The internet will be a bit sadder place as e-mail inventor Ray Tomlinson passed away.
By: Ringo Bones
The internet pioneer and e-mail inventor Ray Tomlinson passed away on Saturday, March 5, 2016 at the age of 74 of an apparent heart attack. The US computer programmer came up with the idea of electronic messages that could be sent from one network to another back in 1971. His invention included the ground-breaking use of the “@” symbol in e-mail addresses, which is now standard.
Ray Tomlinson has sent what is now regarded as the first e-mail while working in Boston as an engineer for the research company Bolt, Beranek and Newman. The firm played a big role in developing an early version of the internet, known as Arpanet. However, Tomlinson later said he could not remember what was in that first test message, describing it as “completely forgettable”. His work was recognized by his peers back in 2012, when he was inducted into the Internet Hall of Fame.
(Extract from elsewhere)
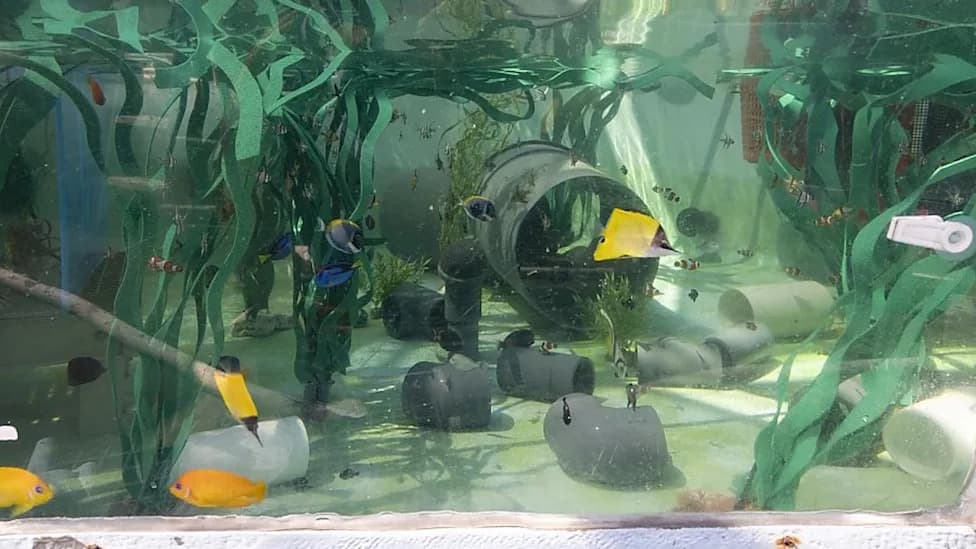Nearly 500 Trafficked Marine Animals Flood Long Beach Aquarium — Staff Work Overnight to Triage and Quarantine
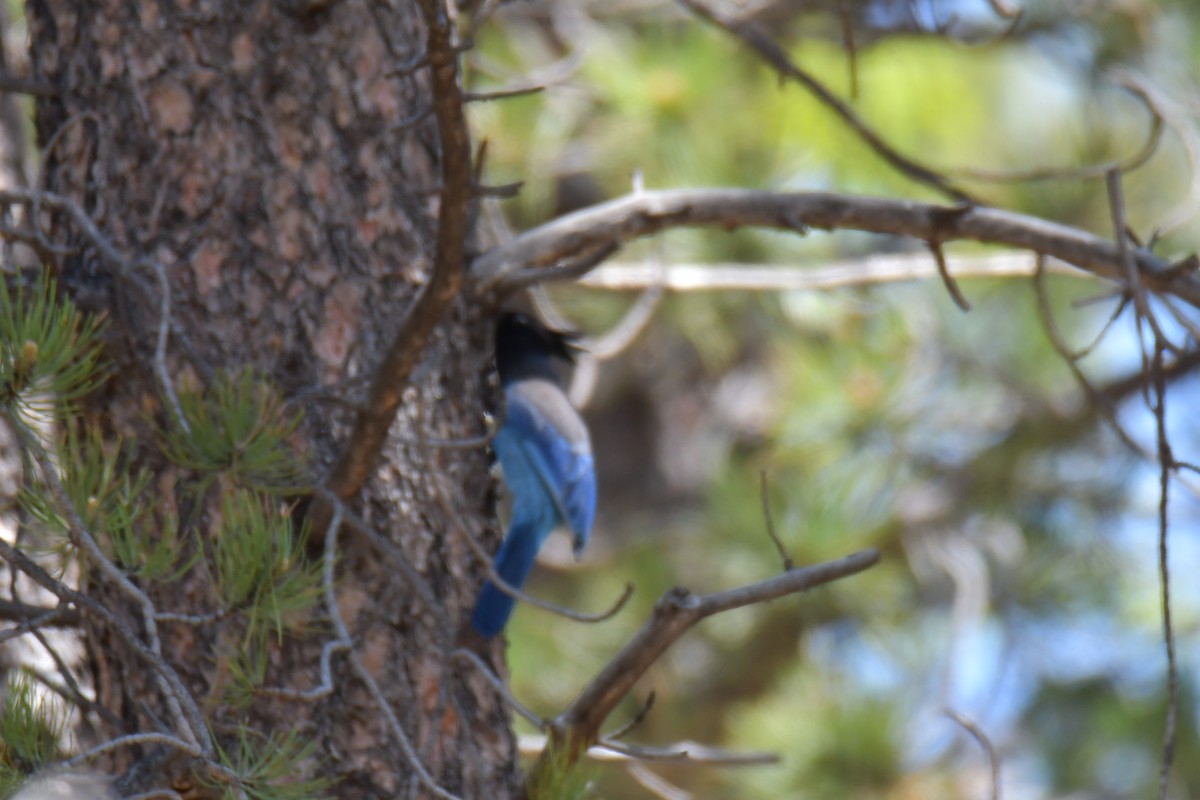 Steller's Jay - ML638656909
45 years after the first ever e-mail was sent, such form of internet communication has become so ubiquitous that it has even become a topic of political contention – i.e. US Presidential hopeful Hillary Clinton’s ongoing e-mail scandal. And despite of the widespread popularity of “newfangled” social media networks that only began during the first decade of the 21st Century, sending messages and other electronic files via e-mail is still the de rigueur method used by some due to its ease of use in relation to its security in comparison to upstart social media accounts. Will e-mail accounts like those pioneered by Ray Tomlinson as we know it still be around 50 years from now or will it be finally superseded by some much improved version wholly different from what we currently use?